** Opening Information shown block **

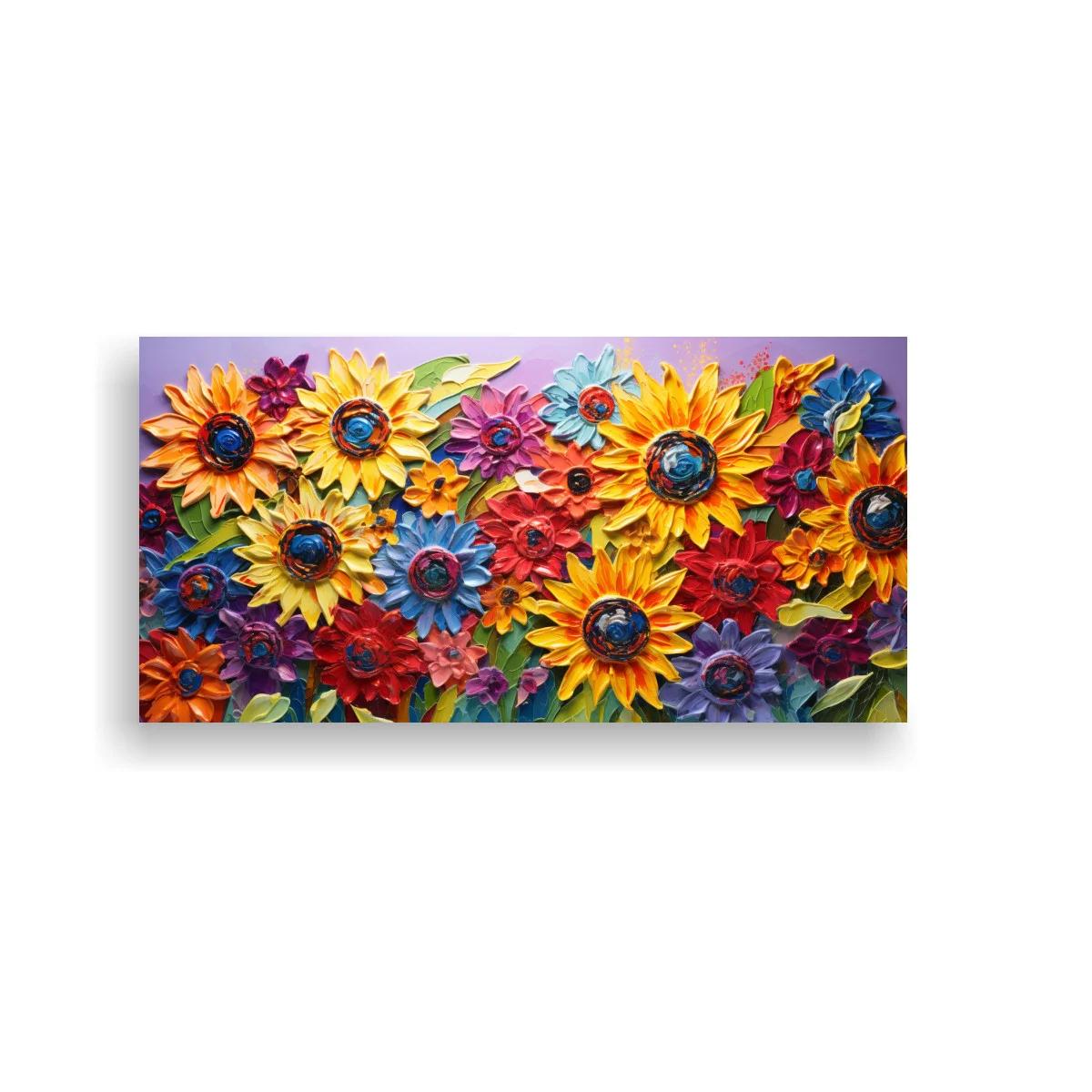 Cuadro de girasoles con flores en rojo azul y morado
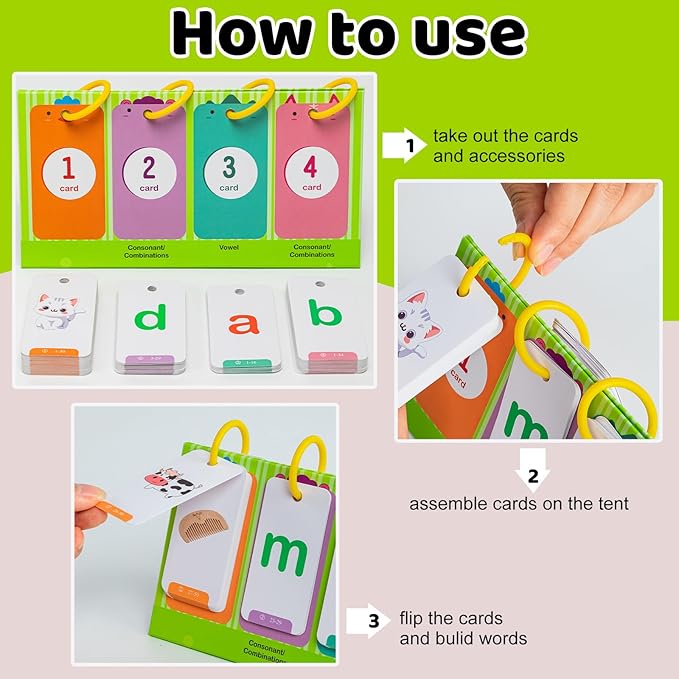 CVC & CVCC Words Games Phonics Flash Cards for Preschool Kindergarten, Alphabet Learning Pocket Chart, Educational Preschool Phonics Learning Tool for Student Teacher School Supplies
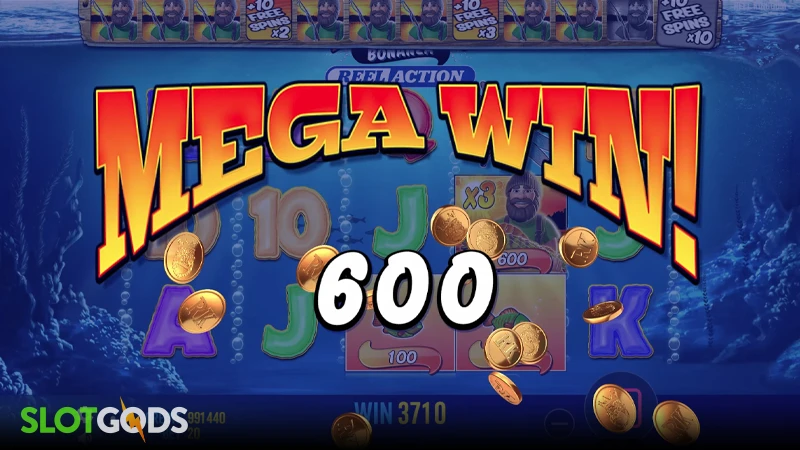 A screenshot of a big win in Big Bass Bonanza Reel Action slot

** Closing Information shown block **
** Opening Information shown block **

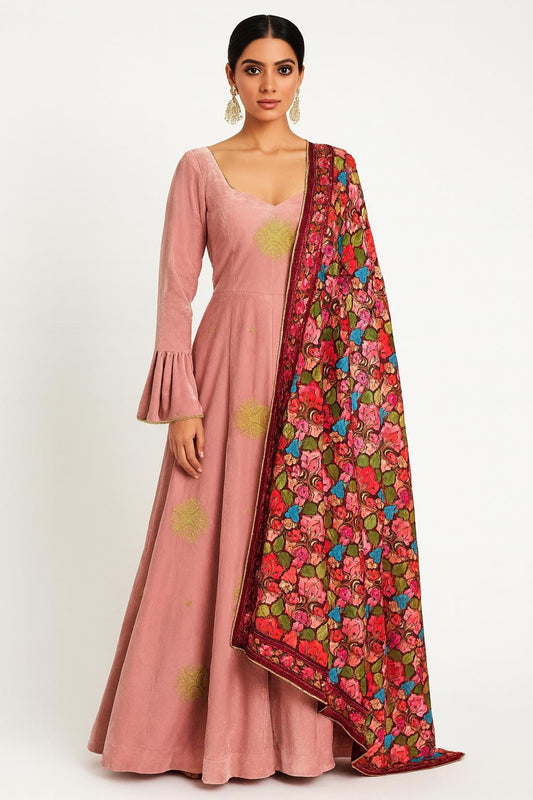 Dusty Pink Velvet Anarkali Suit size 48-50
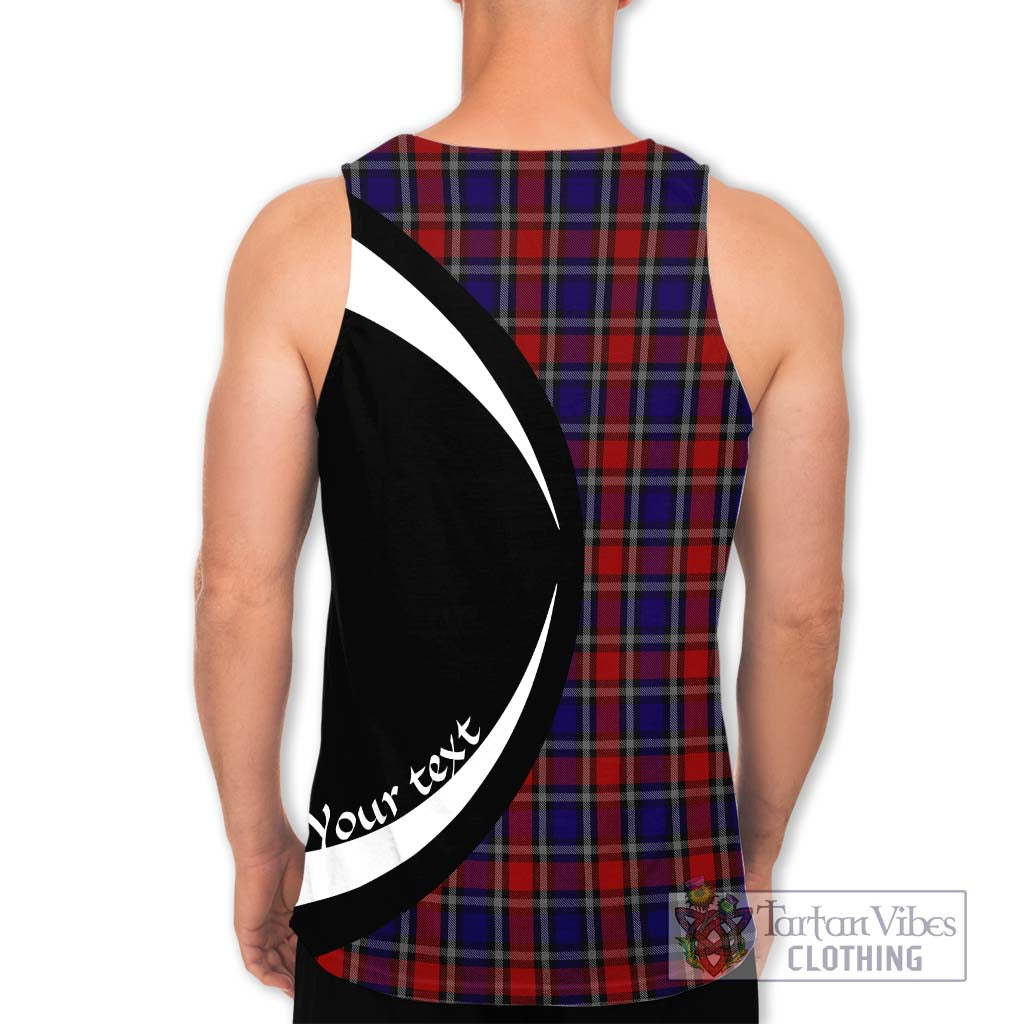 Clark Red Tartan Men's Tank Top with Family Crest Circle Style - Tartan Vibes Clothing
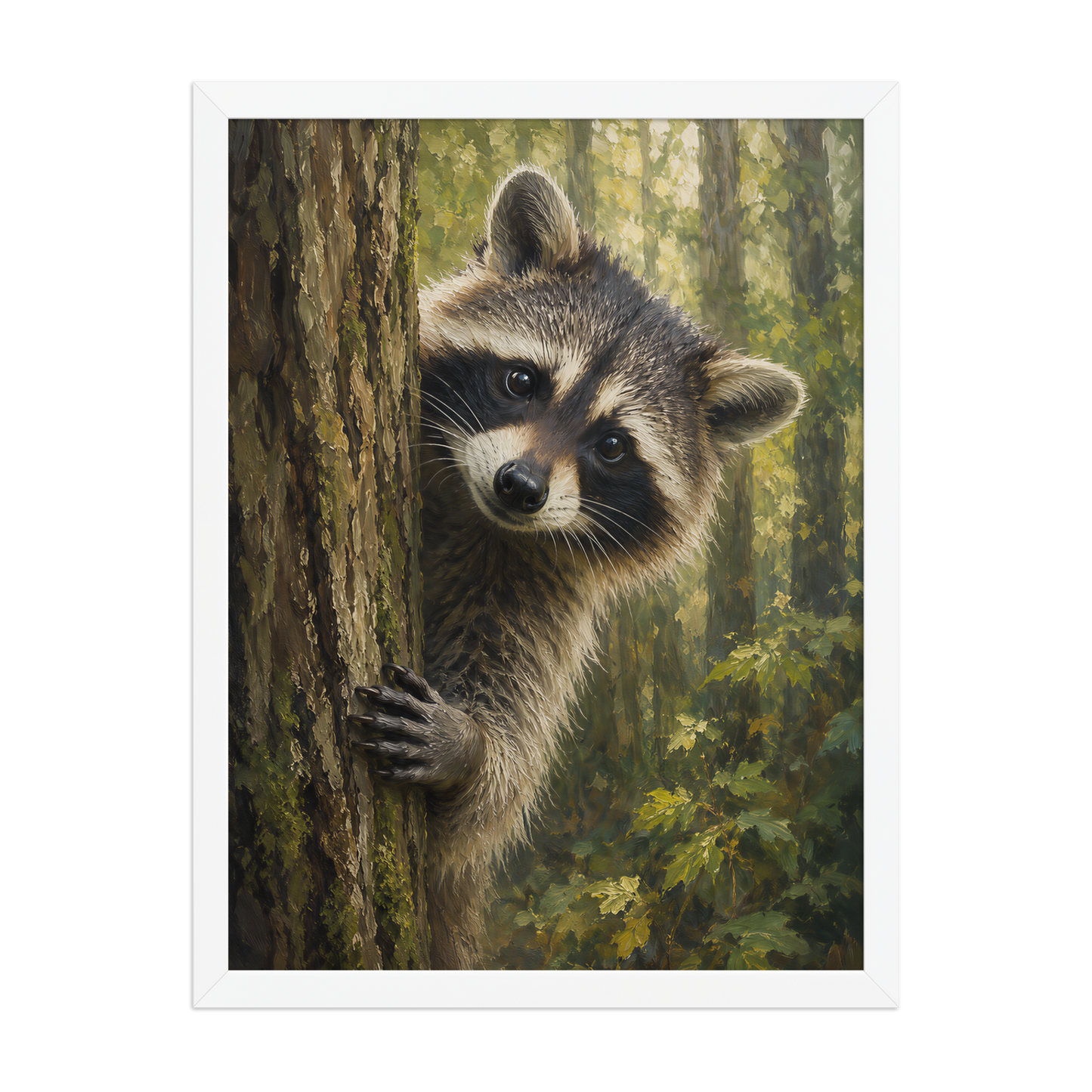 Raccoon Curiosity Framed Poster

** Closing Information shown block **
** Opening Information shown block **

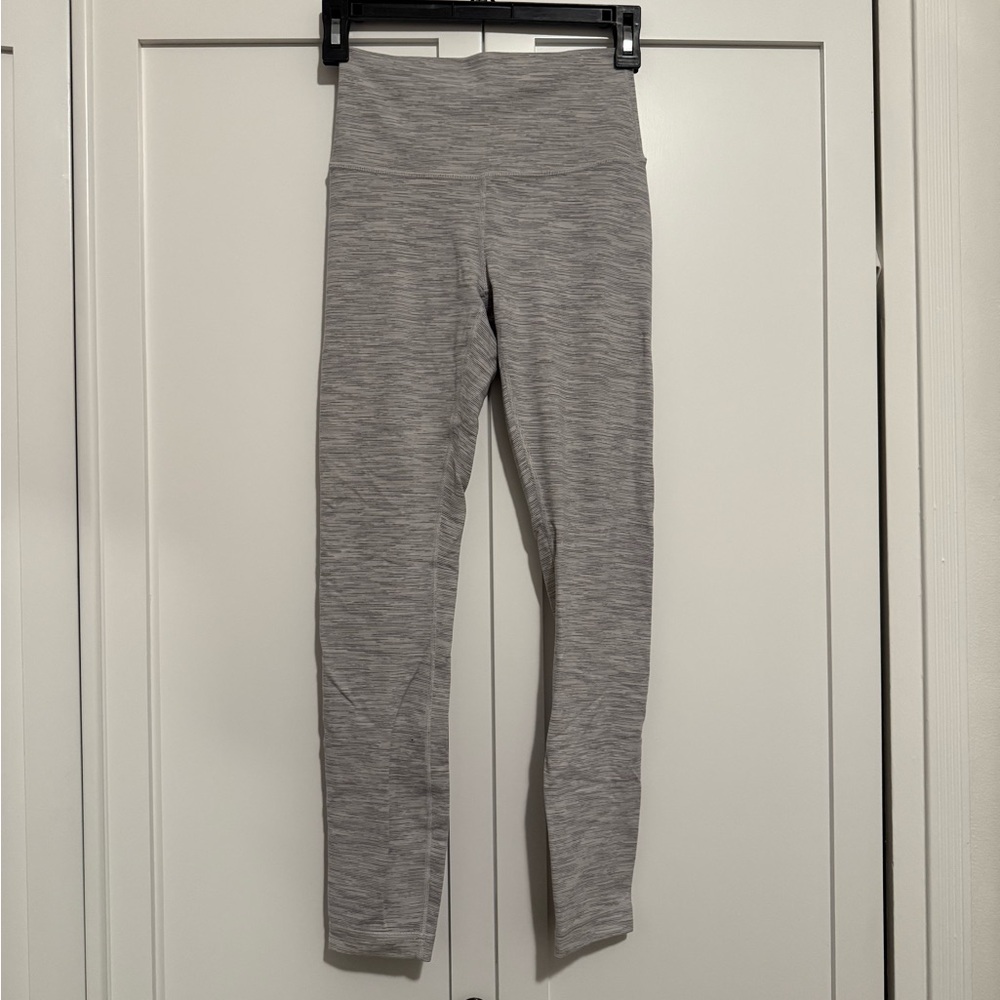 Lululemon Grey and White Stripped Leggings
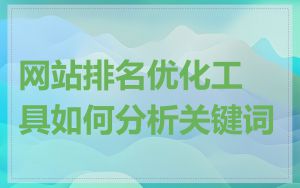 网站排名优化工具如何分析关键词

** Closing Information shown block **

Assigned task –
From the line holding "Cuadro de girasoles" to the line holding "CVC & CVCC Words", both included, retype the entries above exactly and drop the pictures.

Solution to this task –
 Cuadro de girasoles con flores en rojo azul y morado
 CVC & CVCC Words Games Phonics Flash Cards for Preschool Kindergarten, Alphabet Learning Pocket Chart, Educational Preschool Phonics Learning Tool for Student Teacher School Supplies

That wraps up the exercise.